1. Insuficiencia del principio clásico de utilidad
Cuando el sentido de un debate depende del valor fundamental de la palabra útil, es decir, siempre que se aborda una cuestión esencial relacionada con la vida de las sociedades humanas, sean cuales sean las personas que intervienen y las opiniones representadas, es posible afirmar que se falsea necesariamente el debate y se elude la cuestión fundamental. No existe, en efecto, ningún medio correcto, considerando el conjunto más o menos divergente de las concepciones actuales, que permita definir lo que es útil a los hombres. Esta laguna queda harto probada por el hecho de que es constantemente necesario recurrir, del modo más injustificable, a principios que se intentan situar más allá de lo útil y del placer. Se alude, hipócritamente, al honor y al deber combinándolos con el interés pecuniario y, sin hablar de Dios, el Espíritu se usa para enmascarar la confusión intelectual de aquellos que rehusan aceptar un sistema coherente.
Sin embargo, la práctica usual evita estas dificultades elementales, y la conciencia común parece que, en una primera aproximación, no puede oponer más que reservas verbales al principio clásico de la utilidad, es decir, de la pretendida utilidad material. Teóricamente, ésta tiene por objeto el placer -pero solamente bajo una forma atemperada, ya que el placer violento se percibe como patológico- y queda limitada a la adquisición (prácticamente a la producción) y a la conservación de bienes, de una parte, y a la reproducción y conservación de vidas humanas, por otra: (preciso es añadir, ciertamente, la lucha contra el dolor, cuya importancia hasta en sí misma para poner de manifiesto el carácter negativo del principio del placer teóricamente introducido en la base). En la serie de representaciones cuantitativas ligadas a esta concepción de la existencia, plana e insostenible, sólo el problema de la reproducción se presta seriamente a la controversia por el hecho de que un aumento exagerado del número de seres vivientes puede disminuir la parte individual. Pero, globalmente, cualquier enjuiciamiento general sobre la actividad social implica el principio de que todo esfuerzo particular debe ser reducible, para que sea válido, a las necesidades fundamentales de la producción y la conservación. El placer, tanto si se trata de arte, de vicio tolerado o de juego, queda reducido, en definitiva, en las interpretaciones intelectuales corrientes, a una concesión, es decir, a un descanso cuyo papel sería subsidiario. La parte más importante de la vida se considera constituida por la condición -a veces incluso penosa- de la actividad social productiva.

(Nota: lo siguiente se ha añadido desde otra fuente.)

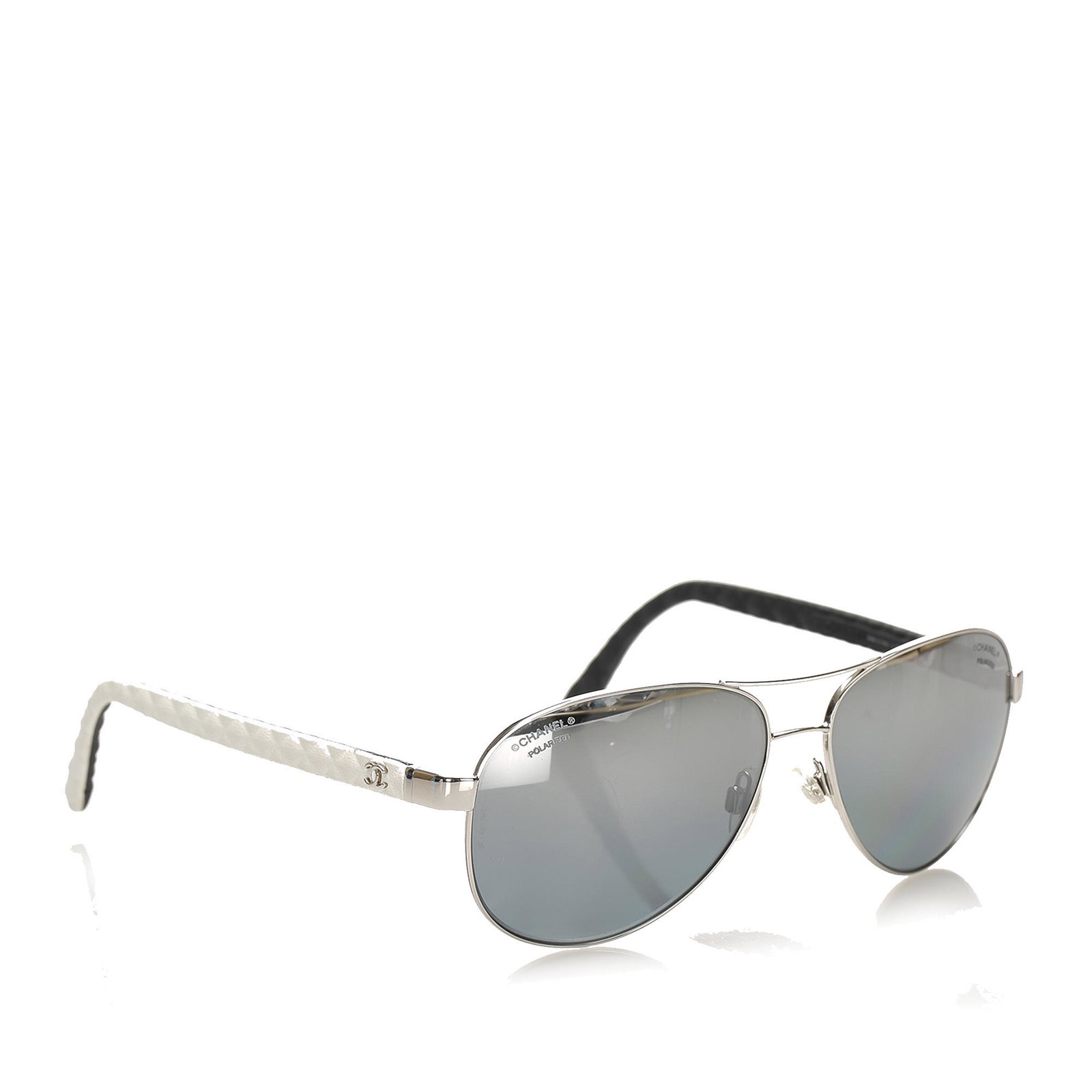 Authentic Chanel Aviator Tinted Sunglasses: This item qualifies for FREE DOMESTIC SHIPPING to customers in the USA These sunglasses feature a metal body with tinted lenses. Brand: Chanel Model: Aviator Tinted Sunglasses Origin: France Category:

Es verdad que la experiencia personal, tratándose de un joven, capaz de derrochar y destruir sin sentido, se opone, en cualquier caso, a esta concepción miserable. Pero incluso cuando éste se prodiga y se destruye sin consideración alguna, hasta el más lúcido ignora el porqué o se cree enfermo. Es incapaz de justificar utilitariamente su conducta y no cae en la cuenta de que una sociedad humana puede estar interesada, como él mismo, en pérdidas considerables, en catástrofes que provoquen, según necesidades concretas, abatimientos profundos, ataques de angustia y, en último extremo, un cierto estado orgiástico.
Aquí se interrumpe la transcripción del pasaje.